Hi all, I work with Marshall and Eddie and have been using UIMA for
some time but am new to the mailing list.
As an experiment, I re-implemented the (java) CAS internals such that
each feature structure corresponds to a single java object instead of
using the custom "heaps" (monolithic arrays), and indices are built
from standard java SDK (concurrent) collection classes.
The original motivation was to make the CAS threadsafe but I think
there are other benefits, the biggest of which may be
reduction/simplification of the codebase.
This new impl should be fully compatible with all of the existing CAS
APIs, with a few exceptions (see below). i.e. in most cases it can be
a drop-in replacement for uima-core.jar. Existing JCas cover classes
can be used but must be recompiled. I also included a "compatibility
layer" for the low level CAS API so that existing usage of it should
still work, but removing the heaps of course obviates the need for it.
Summary of advantages:
- Drastic simplification of code - most proprietary data structure
impls removed, many other classes removed, index/index repo impls are
about 25% of the size of the heap versions (good for future
enhancements/maintainability)
- Thread safety - multiple logically independent annotators can work
on the same CAS concurrently - reading, writing and iterating over
feature structures.
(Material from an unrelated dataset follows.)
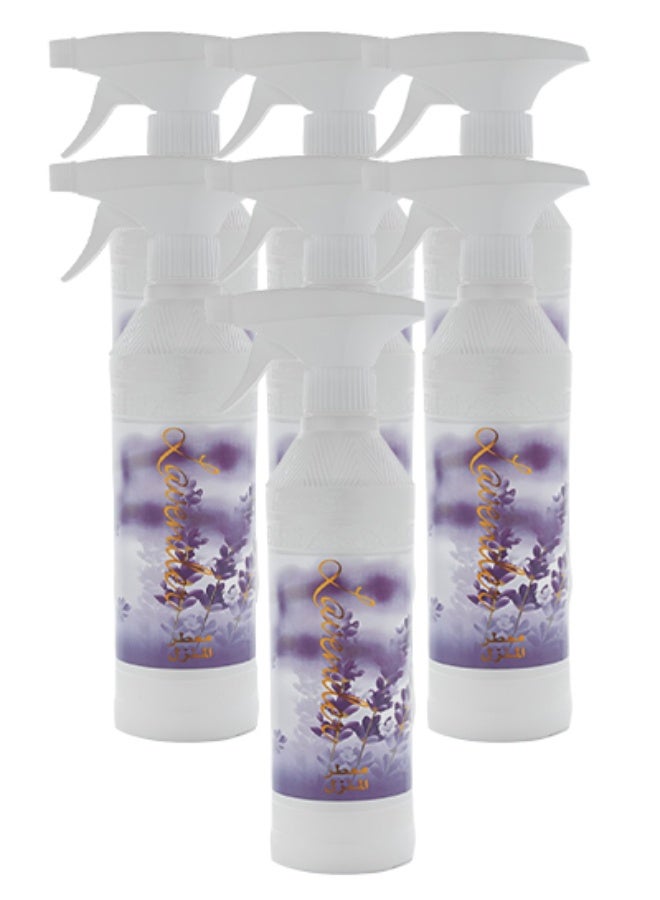 Banafa 7 Pieces Lavender House Freshener 500ml - Image 1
Opens up a lot of parallelism possibilities
- No need for heap resizing or wasted space in fixed size CAS backing
arrays, no large up-front memory cost for CASes - pooling them should
no longer be necessary
- Unlike the current heap impl, when a FS is removed from CAS indices
it's space is actually freed (can be GC'd)
- Unification of CAS and JCas - cover class instance (if it exists)
"is" the feature structure
- Significantly better performance (speed) for many use-cases,
especially where there is heavy access of CAS data
- Usage of standard Java data structure classes means it can benefit
more "for free" from ongoing improvements in the java SDK and from
hardware optimizations targeted at these classes
Functionality not yet supported:
- Binary serialization/deserialization
- C/C++ framework (requires binary serialization)
- "Delta" CAS related function including CAS markers
- Index "auto protection" (recent 2.7 feature)
- Snapshot iterators currently return regular iterators (but all
iterators are safe to use concurrently with modification)
- Multiple classloaders haven't been tested
There's also various other small loose ends and cleanup to do.
I was hoping to see if there's interest from the community in taking
this further, maybe even as a replacement for the current impl in a
future version of uima-core.
I'm not sure of the best way to share the code, but it would be great
to have a branch in the shared SCM repo where the current prototype
could be reviewed and collaboratively evolved to fill the remaining
gaps.
Would welcome any comments or questions!
Thanks,
Nick